Talking Point  

Emerging markets’ ESG scores do not 'reflect reality'

Da Costa-Bulthuis also cites the Sustainable Development Goals as another investment opportunity in emerging markets. “We believe that investing in sectors that provide basic needs and reduce the inequalities in emerging markets is a good way to impact and promote the achievement of the SDGs.

“Good examples would be investing in infrastructure, sanitation services and hygiene products, banking focused on low income and SME financing, education and healthcare providers.”

James Johnstone, co-head of the emerging and frontier markets team at Redwheel, likewise says that several of its investment themes align with the SDGs.

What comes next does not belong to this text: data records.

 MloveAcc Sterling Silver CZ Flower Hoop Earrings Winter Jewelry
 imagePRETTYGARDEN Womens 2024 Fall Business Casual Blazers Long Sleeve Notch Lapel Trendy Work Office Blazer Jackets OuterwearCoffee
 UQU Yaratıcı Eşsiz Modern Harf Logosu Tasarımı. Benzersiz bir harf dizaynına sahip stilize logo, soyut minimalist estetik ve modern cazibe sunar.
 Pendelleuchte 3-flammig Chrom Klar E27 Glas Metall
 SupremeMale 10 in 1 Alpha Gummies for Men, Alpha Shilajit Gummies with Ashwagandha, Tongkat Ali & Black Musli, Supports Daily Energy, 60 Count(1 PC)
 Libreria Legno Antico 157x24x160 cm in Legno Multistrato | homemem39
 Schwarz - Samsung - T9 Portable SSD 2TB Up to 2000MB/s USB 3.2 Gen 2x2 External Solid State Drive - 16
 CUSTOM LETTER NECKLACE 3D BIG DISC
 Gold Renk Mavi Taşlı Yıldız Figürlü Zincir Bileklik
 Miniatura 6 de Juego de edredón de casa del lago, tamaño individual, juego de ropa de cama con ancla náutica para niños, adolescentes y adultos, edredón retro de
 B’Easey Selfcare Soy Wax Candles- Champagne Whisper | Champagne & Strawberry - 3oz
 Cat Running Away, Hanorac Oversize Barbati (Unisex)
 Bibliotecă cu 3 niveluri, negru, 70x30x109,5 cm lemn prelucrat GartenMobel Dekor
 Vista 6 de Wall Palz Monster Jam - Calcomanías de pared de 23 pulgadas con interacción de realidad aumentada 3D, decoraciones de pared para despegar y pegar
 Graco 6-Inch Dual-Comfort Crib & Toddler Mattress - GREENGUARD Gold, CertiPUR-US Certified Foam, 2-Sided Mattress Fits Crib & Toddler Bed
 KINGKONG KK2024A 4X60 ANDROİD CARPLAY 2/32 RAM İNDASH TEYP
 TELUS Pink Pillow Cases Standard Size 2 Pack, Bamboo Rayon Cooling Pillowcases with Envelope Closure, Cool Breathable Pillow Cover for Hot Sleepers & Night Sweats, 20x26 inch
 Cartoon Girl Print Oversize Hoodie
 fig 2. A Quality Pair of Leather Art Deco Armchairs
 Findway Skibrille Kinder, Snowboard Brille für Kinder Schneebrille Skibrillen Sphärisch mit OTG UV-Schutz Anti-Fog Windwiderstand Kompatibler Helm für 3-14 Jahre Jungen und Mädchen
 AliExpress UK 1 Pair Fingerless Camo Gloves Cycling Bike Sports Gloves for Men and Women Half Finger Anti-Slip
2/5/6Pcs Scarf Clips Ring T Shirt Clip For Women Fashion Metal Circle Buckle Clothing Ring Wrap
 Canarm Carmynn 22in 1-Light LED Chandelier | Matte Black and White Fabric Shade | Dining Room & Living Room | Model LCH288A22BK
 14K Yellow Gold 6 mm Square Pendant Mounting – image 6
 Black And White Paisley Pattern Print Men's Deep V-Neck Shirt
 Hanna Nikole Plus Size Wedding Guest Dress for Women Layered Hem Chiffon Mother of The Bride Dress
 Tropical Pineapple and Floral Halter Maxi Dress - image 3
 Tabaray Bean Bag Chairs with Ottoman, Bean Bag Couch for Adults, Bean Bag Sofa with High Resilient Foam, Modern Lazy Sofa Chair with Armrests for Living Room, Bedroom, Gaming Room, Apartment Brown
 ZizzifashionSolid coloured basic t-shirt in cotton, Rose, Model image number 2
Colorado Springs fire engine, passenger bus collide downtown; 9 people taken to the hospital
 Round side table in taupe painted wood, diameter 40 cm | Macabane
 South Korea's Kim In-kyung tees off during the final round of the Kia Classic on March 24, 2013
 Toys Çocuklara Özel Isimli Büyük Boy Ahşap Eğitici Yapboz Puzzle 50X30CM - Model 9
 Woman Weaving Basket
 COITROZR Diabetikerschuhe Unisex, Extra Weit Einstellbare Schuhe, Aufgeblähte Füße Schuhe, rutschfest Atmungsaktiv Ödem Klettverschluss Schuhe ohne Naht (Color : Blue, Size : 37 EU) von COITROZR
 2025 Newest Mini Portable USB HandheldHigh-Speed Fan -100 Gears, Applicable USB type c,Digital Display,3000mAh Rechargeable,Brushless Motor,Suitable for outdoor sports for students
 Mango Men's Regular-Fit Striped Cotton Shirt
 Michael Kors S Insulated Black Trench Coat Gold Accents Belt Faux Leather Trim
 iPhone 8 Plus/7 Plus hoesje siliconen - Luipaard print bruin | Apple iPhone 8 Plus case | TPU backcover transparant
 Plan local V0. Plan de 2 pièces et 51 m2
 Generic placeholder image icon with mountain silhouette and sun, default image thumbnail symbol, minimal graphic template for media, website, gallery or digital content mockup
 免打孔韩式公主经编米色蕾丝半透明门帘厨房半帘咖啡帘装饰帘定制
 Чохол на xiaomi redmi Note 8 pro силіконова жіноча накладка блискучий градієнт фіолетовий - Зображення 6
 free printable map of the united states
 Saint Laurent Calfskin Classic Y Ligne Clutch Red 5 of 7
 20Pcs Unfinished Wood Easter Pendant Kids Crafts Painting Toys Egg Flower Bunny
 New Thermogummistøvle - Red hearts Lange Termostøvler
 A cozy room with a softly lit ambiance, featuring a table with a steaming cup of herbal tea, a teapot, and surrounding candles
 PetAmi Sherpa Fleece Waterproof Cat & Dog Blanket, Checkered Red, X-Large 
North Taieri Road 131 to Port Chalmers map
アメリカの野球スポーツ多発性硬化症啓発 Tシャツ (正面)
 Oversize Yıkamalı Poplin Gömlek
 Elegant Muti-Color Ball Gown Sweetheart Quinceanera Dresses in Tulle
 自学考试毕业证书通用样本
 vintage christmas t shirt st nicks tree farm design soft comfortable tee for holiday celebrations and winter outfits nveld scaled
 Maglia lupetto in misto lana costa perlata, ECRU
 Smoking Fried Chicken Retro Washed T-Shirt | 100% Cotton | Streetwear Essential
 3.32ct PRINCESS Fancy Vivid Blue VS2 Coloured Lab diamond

“One of the team’s core themes, financial inclusion, focuses on promoting access to financial services to millions of unbanked, low income and otherwise disadvantaged parts of the population in emerging and frontier markets.

“The team invests in banks that work with governments to promote affordable housing, fund women in business and support SMEs run by ethnic minorities in rural areas. This is where the team sees tremendous opportunity from both investment and equality, diversity and inclusion perspectives.”

Cook at Axa Investment Managers also sees opportunities in green bond issuance from a number of emerging market countries.

“The rise of sustainability in emerging markets is clearly reflected in the growth in the sustainable bond market. In 2020 there was $40bn of green bond issuance in emerging markets, with a further $260bn expected by the end of next year.

“As the green bond market continues to grow, there will be significant opportunities for investors to finance the transition to a greener and more sustainable approach in emerging market countries.”